Wednesday, May 16, 2012

Egoless Practice: Becoming the Best in your Field

[Full post on other blog.]

Jerry Weinberg coined the term, "egoless programming" in his 1971 book "Psychology of Computer Programming". Jerry describes the practice and mindset, and in 1977 co-wrote with Friedman, the definitive manual for practitioners:  "Handbook of Walkthroughs, Inspections, and Technical Reviews: Evaluating Programs, Projects, and Products".

Is there a precise definition of "egoless programming" that could be expanded to a generic Professional Behaviour of "egoless practice"?

Johana Rothman is quoted by Jeff Atwood, presumably from a book, as saying:
Egoless programming occurs when a technical peer group uses frequent and often peer reviews to find defects in software under development. The objective is for everyone to find defects, including the author, not to prove the work product has no defects. [my italics]
When asked for a modern definition, Jerry pointed at Jeff's Ten Commandments of Egoless Programming.

The field of Reliability Engineering is aimed at creating near-Perfect (i.e. highly reliable) operation from imperfect parts and sub-systems.

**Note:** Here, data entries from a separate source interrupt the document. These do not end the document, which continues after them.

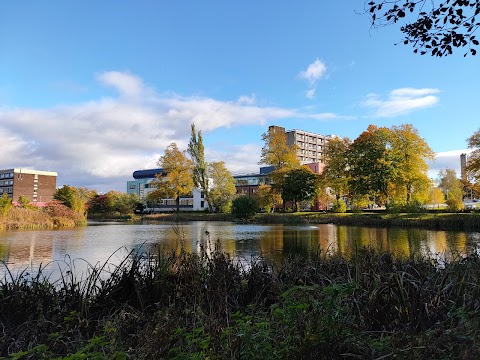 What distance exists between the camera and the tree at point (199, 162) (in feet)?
192

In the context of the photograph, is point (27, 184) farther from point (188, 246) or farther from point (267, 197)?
point (188, 246)

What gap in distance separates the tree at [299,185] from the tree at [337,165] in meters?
2.19

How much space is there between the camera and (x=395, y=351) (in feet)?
8.12

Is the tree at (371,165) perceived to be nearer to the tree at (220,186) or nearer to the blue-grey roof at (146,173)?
the tree at (220,186)

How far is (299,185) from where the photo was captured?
4150 centimetres

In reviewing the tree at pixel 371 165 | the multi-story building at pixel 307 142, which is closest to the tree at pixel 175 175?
the tree at pixel 371 165

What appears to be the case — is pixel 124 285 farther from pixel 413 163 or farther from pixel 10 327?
pixel 413 163

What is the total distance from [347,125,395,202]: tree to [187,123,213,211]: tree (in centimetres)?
2683

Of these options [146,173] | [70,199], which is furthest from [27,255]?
[146,173]

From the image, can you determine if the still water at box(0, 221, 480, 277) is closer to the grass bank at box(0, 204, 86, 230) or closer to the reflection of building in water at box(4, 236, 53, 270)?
the reflection of building in water at box(4, 236, 53, 270)

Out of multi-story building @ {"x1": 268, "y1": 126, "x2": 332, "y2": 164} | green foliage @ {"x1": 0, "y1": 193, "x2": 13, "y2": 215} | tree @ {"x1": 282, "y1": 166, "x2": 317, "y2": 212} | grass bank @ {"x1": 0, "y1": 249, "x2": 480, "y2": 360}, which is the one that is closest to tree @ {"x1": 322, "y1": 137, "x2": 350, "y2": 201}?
tree @ {"x1": 282, "y1": 166, "x2": 317, "y2": 212}

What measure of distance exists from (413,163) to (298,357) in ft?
117

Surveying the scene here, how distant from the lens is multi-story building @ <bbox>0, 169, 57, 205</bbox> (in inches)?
3949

This approach can work very well, even when maintenance and fixes can't be done: the NASA Mars Rovers, Spirit and Opportunity, exceeded their 90-day design life by around 15 times, working from 2004-2010.

A working definition (unfortunately, of many parts).

Egoless Practice is:
  • a Professional Behaviour
  • designed to 
  • routinely and reliably achieve
  • as Perfect as Possible outcomes
  • for the Client or Service Recipient
  • by knowledgable and skilful
  • Practitioners
  • supported by systems, processes and procedures
  • that actively monitor, examine and report performances,
  • for both failures and successes,
  • to systematically and without-backsliding improve 
  • Quality, Performance and Process
  • of Individuals, Teams and Organisations.
To Err is Human isn't a syllogism, it is an Iron-Clad Law.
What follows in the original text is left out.